### Dataset section
◆ ◆ ◆ ◆
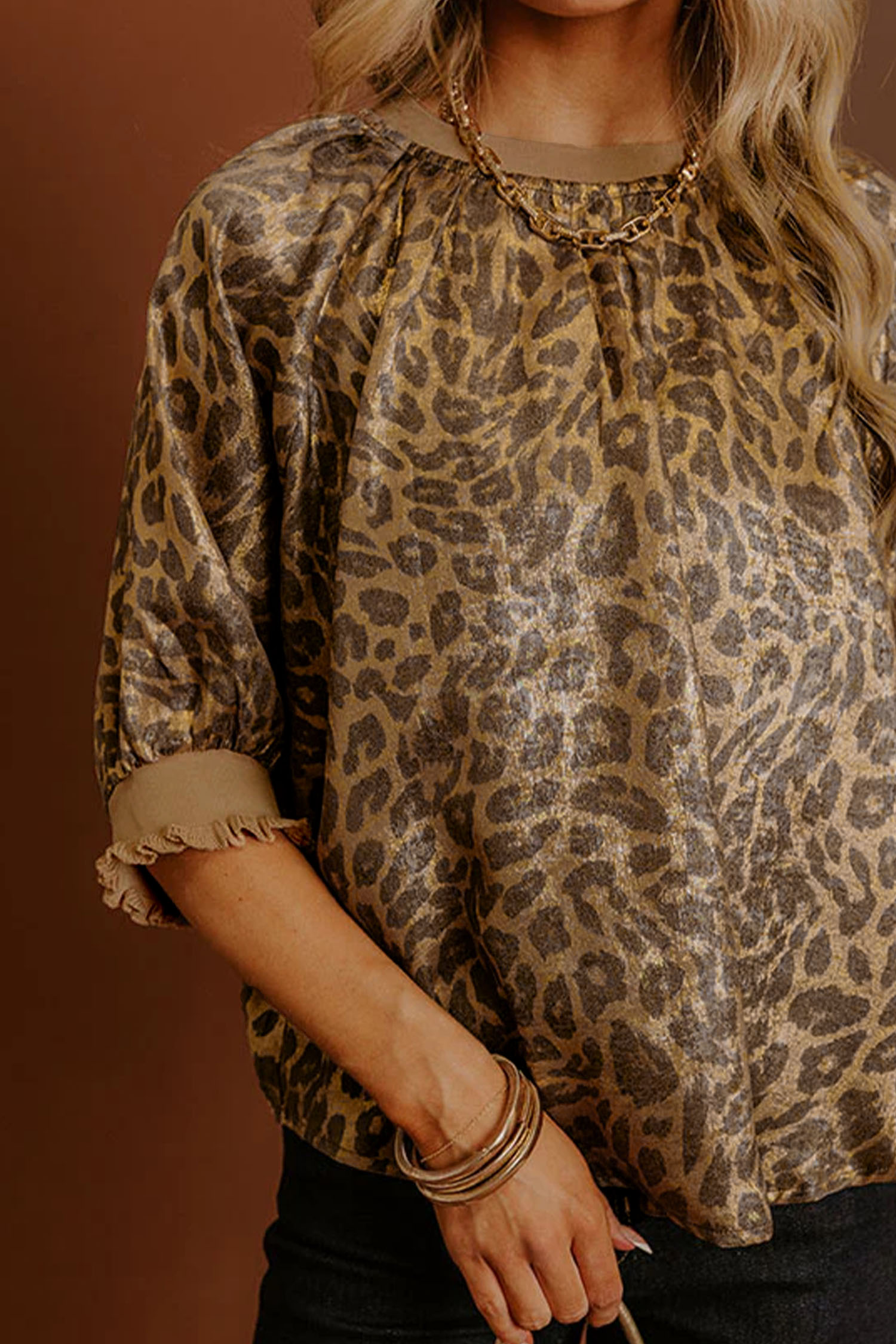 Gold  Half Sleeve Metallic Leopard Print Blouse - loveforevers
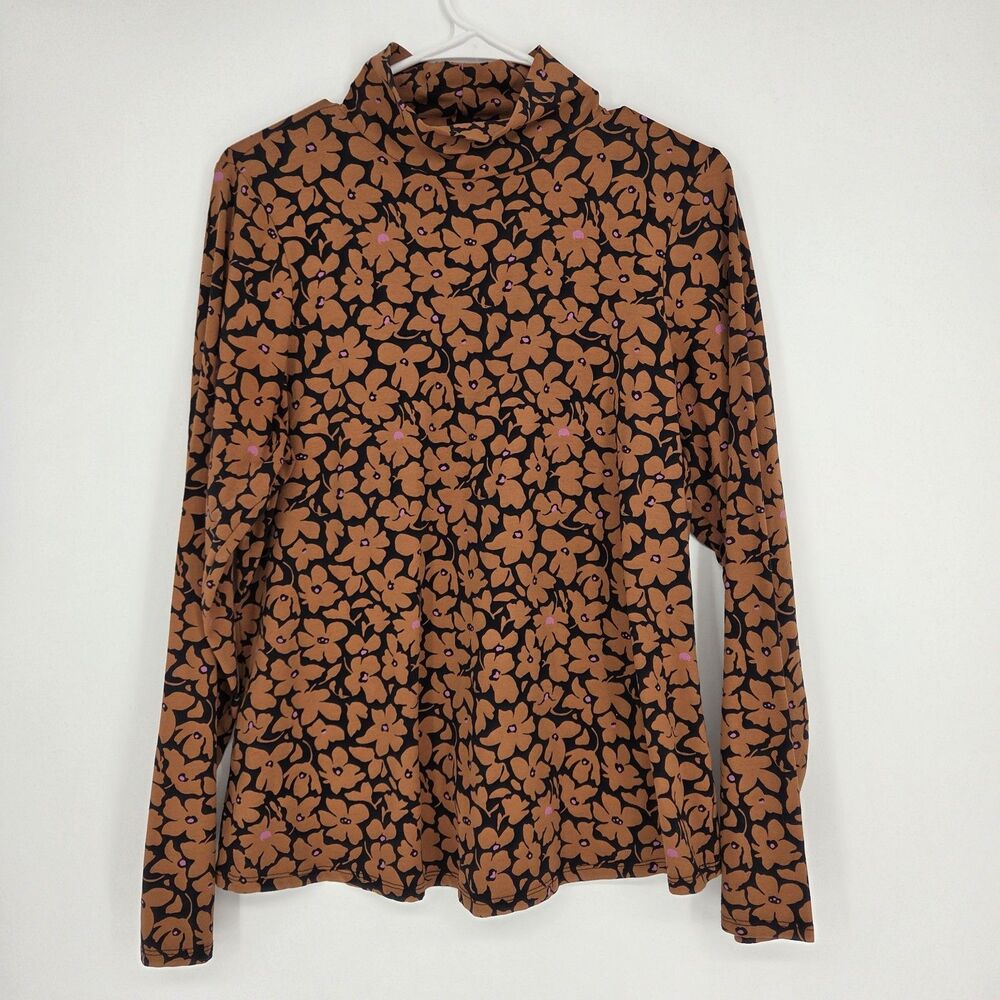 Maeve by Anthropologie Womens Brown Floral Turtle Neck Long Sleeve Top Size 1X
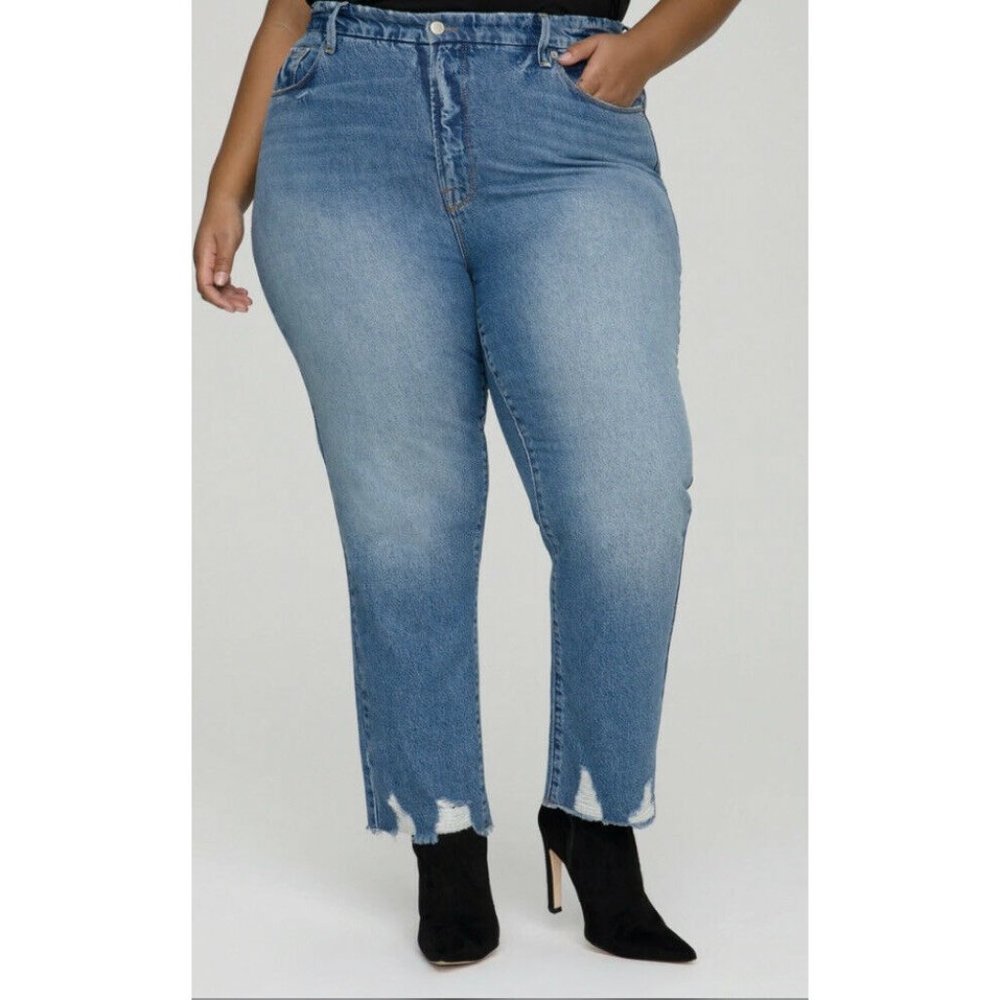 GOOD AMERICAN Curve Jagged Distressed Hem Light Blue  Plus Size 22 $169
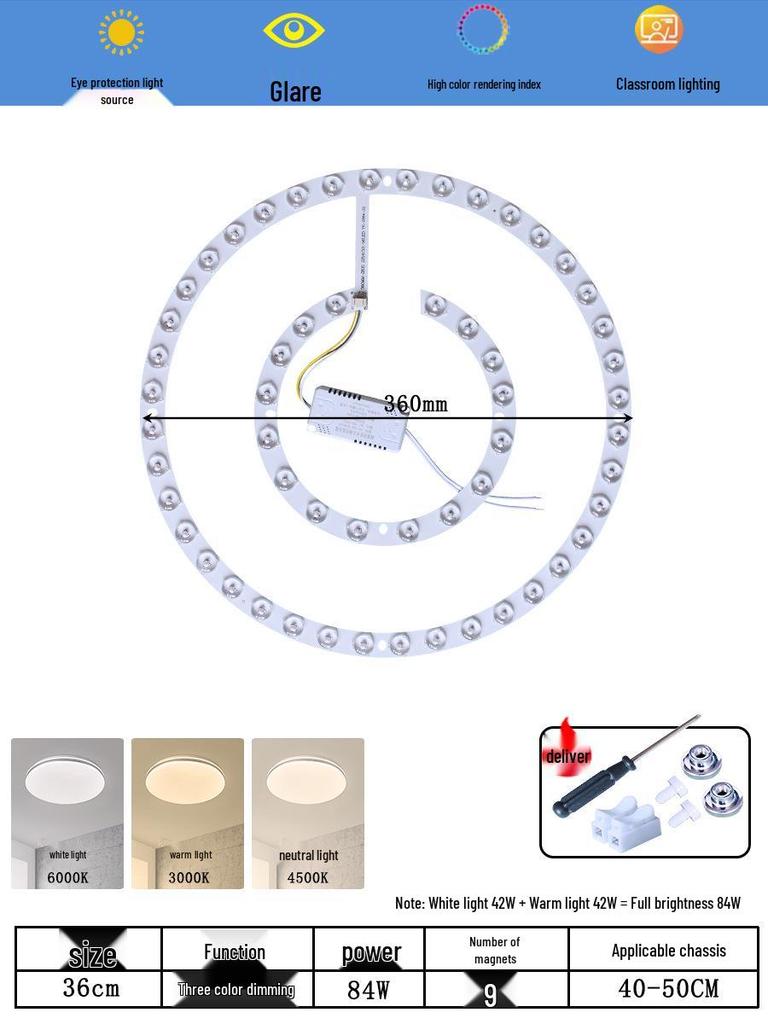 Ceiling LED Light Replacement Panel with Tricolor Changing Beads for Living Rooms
◆ ◆ ◆ ◆
### Exercise objective
Copy out all the data above exactly, pictures excluded.

### Response to the exercise
 Gold  Half Sleeve Metallic Leopard Print Blouse - loveforevers
 Maeve by Anthropologie Womens Brown Floral Turtle Neck Long Sleeve Top Size 1X
 GOOD AMERICAN Curve Jagged Distressed Hem Light Blue  Plus Size 22 $169
 Ceiling LED Light Replacement Panel with Tricolor Changing Beads for Living Rooms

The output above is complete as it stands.